# What the task requires
Word for word, restate the lines from the one containing "Issey Miyake Issey" through the last line of the material, and include no pictures.
---*---
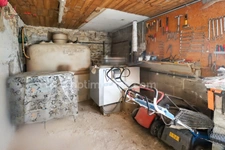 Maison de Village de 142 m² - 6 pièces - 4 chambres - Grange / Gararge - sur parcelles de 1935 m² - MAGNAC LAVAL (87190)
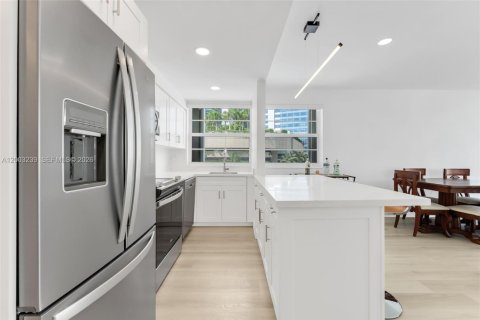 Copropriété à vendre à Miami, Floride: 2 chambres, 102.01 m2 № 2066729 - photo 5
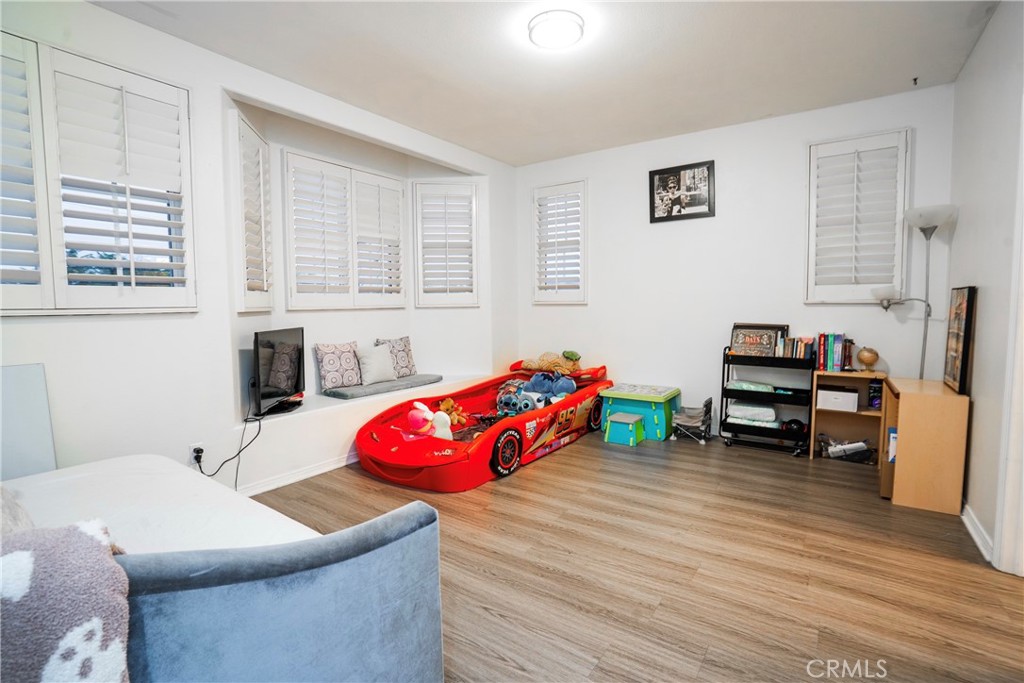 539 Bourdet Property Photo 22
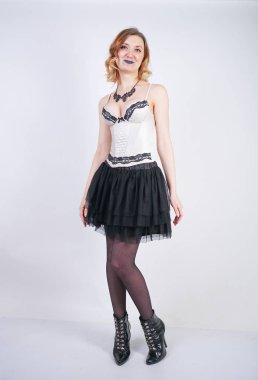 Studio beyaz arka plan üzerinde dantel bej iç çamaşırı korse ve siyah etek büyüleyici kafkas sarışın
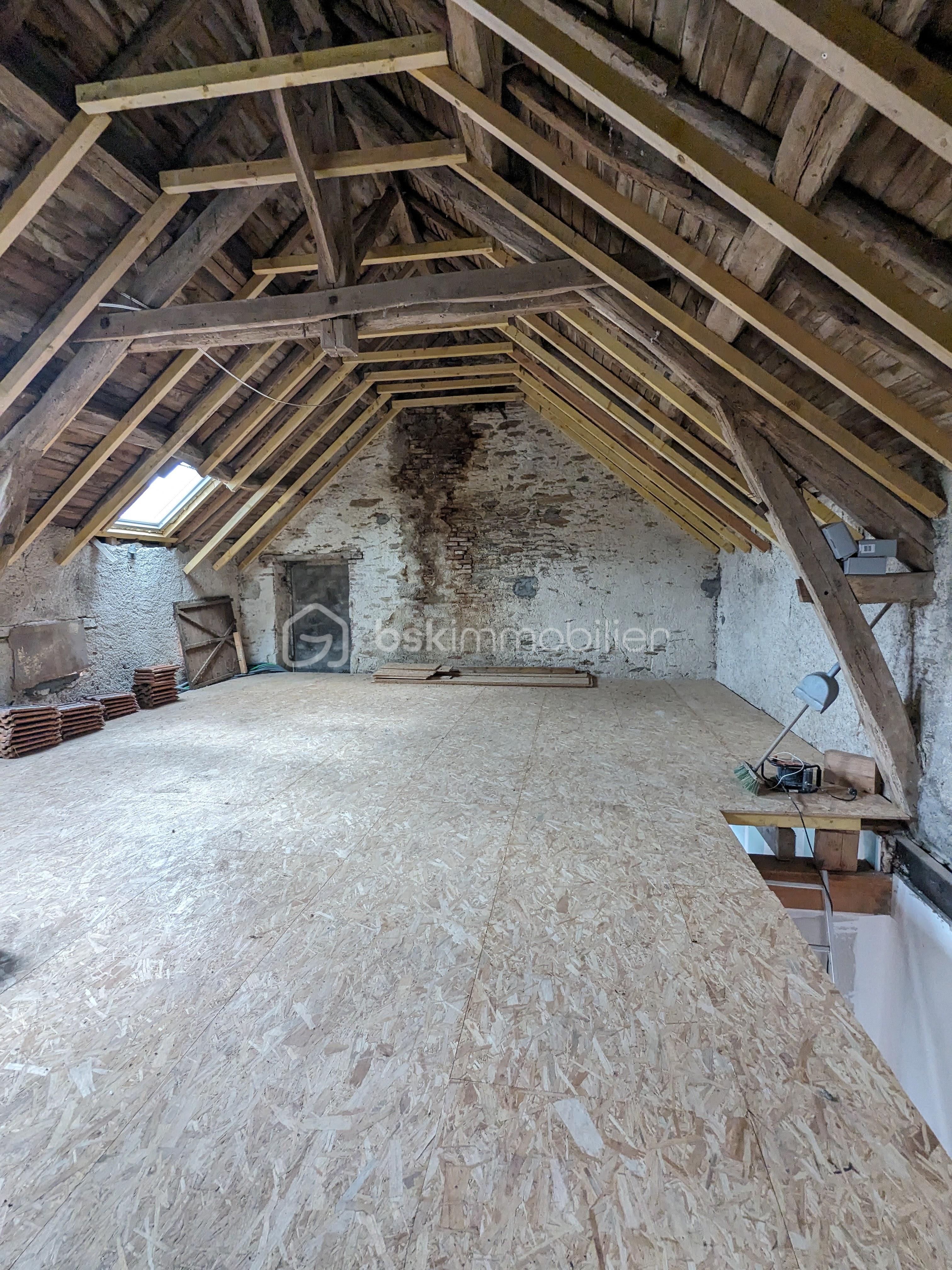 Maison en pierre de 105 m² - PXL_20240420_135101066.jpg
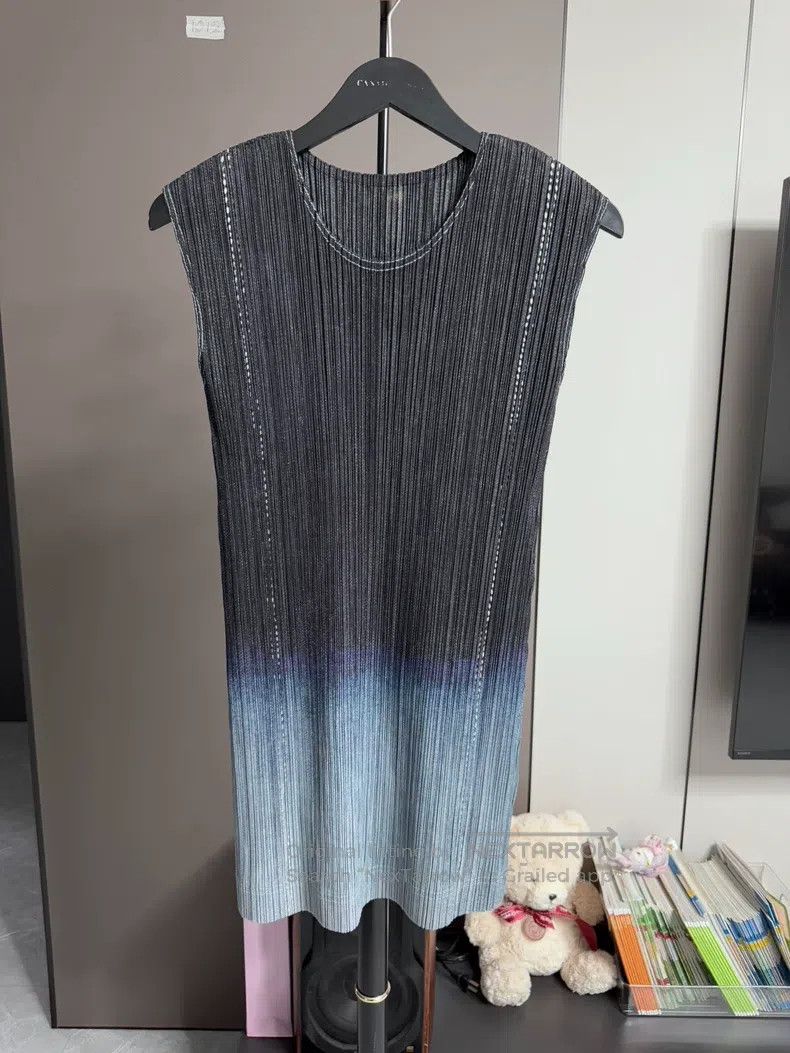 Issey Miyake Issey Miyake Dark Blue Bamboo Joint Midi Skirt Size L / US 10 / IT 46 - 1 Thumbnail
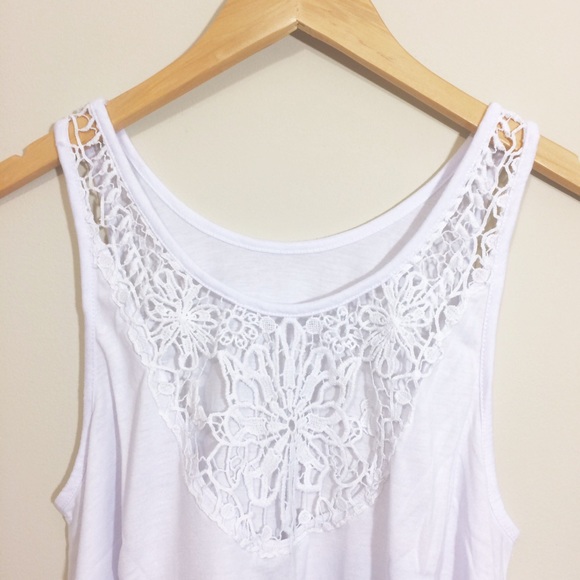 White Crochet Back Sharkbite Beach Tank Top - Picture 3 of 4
---*---
# Answer
 Issey Miyake Issey Miyake Dark Blue Bamboo Joint Midi Skirt Size L / US 10 / IT 46 - 1 Thumbnail
 White Crochet Back Sharkbite Beach Tank Top - Picture 3 of 4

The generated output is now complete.